The most common scenario is that you spent weeks tuning your deployment to production. You suffered through testing and, finally, the end of this release is here. The deployment to production starts… And the application isn’t initializing. Something freezes along your spine as the consequences of this downtime slowly dawn on you…
Does this short story sound familiar? I bet that we all technical chaps suffered through this experience at least once in our lifetime. Then we define rollback plans, contingency interventions, prayers and offerings to the tyrannical data gods… And, in the end, we learn about Blue/Green deployments.
So, what is this about? Let’s picture a basic scenario for what our production environment could be:
Simple enough: a server holds an application that attacks to a database, and the users connect to our server. Now, instead of deploying directly, we will publish the new version of our software to a clone of this machine, and redirect part of our user base to this computer. Check the following diagram:
If the “green” environment has any defect that prevents the application to start, or there are any errors that automated testing can detect easily, the promotion can be rejected without any impact on our users: they will still be using the version 1.0. However, if it looks like all is correct, we slowly redirect access to our version 1.1.
Take notice on how both versions of our software are using the same database (now highlighted with a third color to make clear enough that it’s not subjected to a single environment). This means that we have to take into account additional considerations when altering the structure, as the current and previous version of the software will coexist for a certain amount of time.
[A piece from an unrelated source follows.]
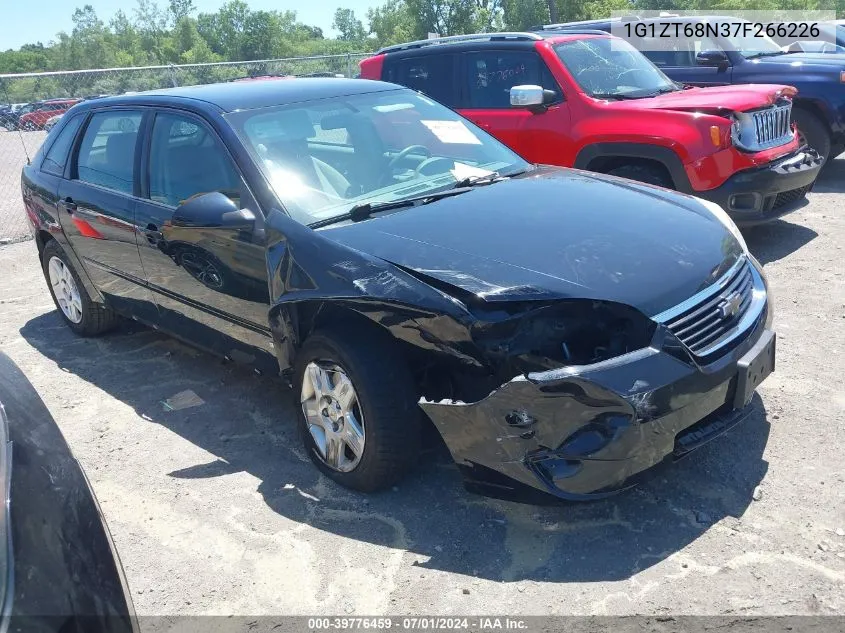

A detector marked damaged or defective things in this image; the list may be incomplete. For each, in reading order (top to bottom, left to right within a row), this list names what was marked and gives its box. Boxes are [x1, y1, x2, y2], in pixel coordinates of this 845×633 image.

crumpled hood [616, 83, 796, 114]
crumpled hood [320, 167, 740, 316]
damaged front end [418, 260, 772, 502]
A best practice approach to solve this obstacle is to detach the column or table from the data model in version n, then executing the script that actually removes the element in version n+1. Since there are no “hard links” to the feature, no errors would be generated in any of the blue or green environments when performing deployments.
The key to successfully adopt Blue/Green tactics is to automate your environment creation. “Infrastructure as code” approaches that generate your servers on demand on a repeatable and steady form eliminate human error from the equation. Either something as simple as a template for your virtual machine or as complex configuration management and prerequisite inventories allows you to roll out new versions of your product with a minimal collision with your user base.
Oh, and let’s not forget about the mental health of your operations employees. They will be grateful to stop deploying with a sense of impending doom.